◆ **Information provided**
****

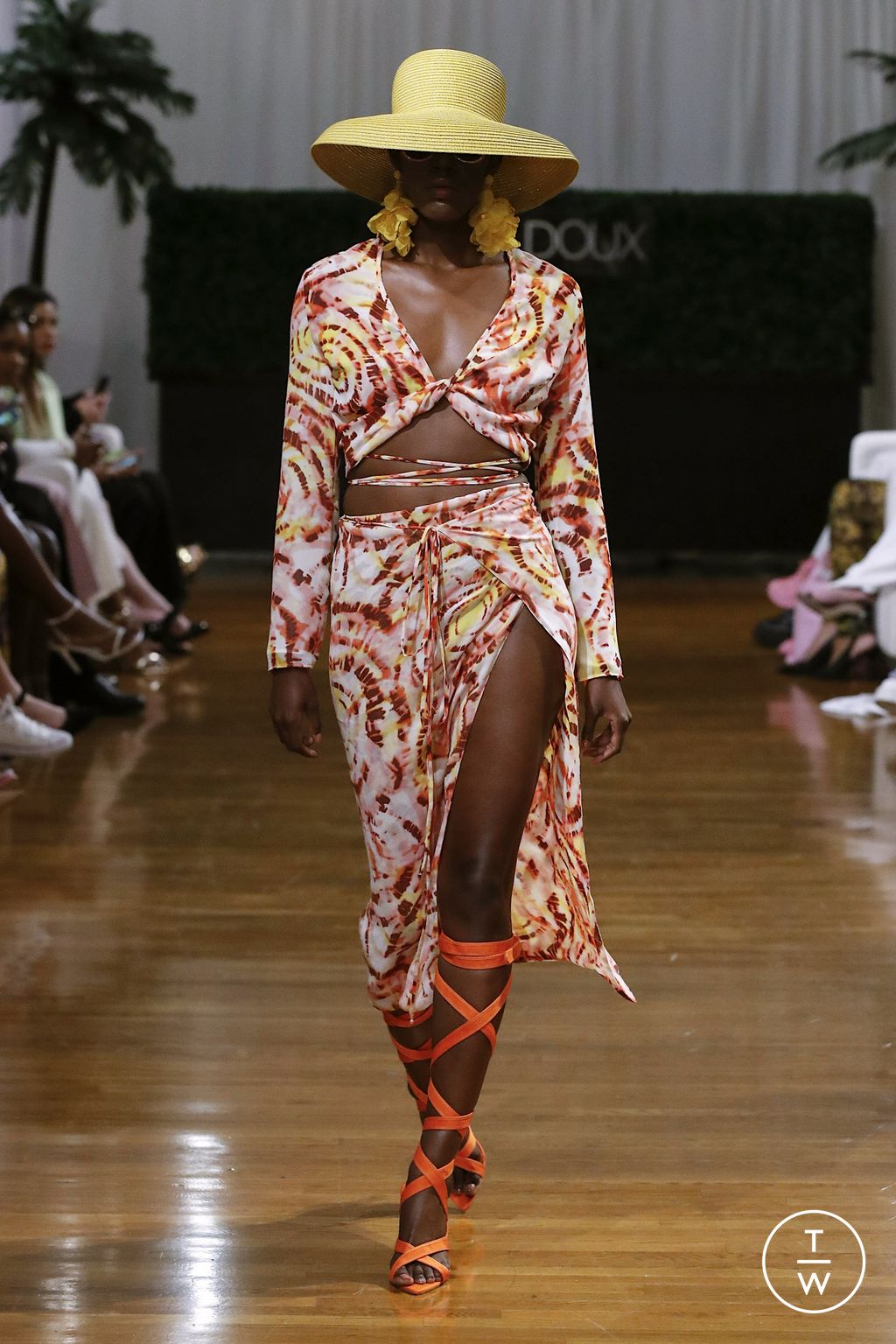 Fashion Week New York Spring/Summer 2023 look 8 de la collection Dur Doux womenswear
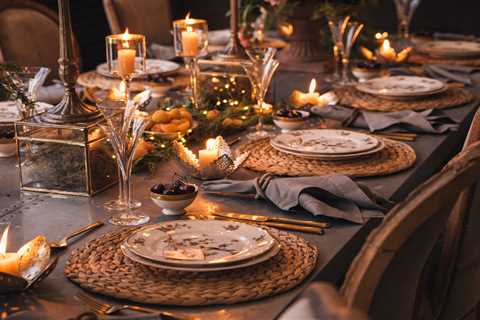 Tips for Decorating Your Christmas Dinner Table Like a Pro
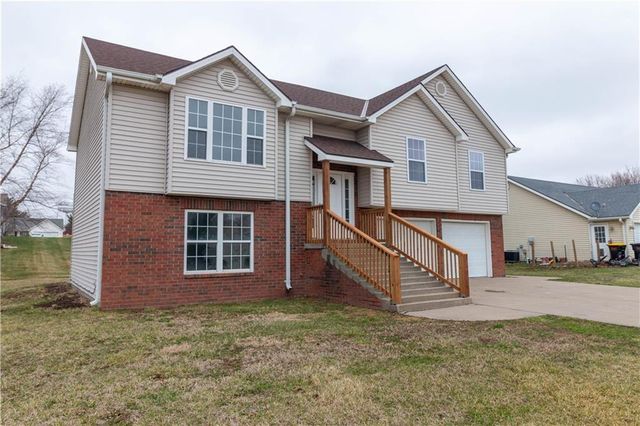 1005 E Pearl Court, Savannah, MO 64485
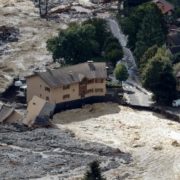 Пошук зниклих і прибирання завалів: Франція та Італія оговтуються після повеней (ФОТО)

****

◆ **Task details**
What's needed is a word-for-word retyping of the listing, minus its pictures.

◆ **Written response**
 Fashion Week New York Spring/Summer 2023 look 8 de la collection Dur Doux womenswear
 Tips for Decorating Your Christmas Dinner Table Like a Pro
 1005 E Pearl Court, Savannah, MO 64485
 Пошук зниклих і прибирання завалів: Франція та Італія оговтуються після повеней (ФОТО)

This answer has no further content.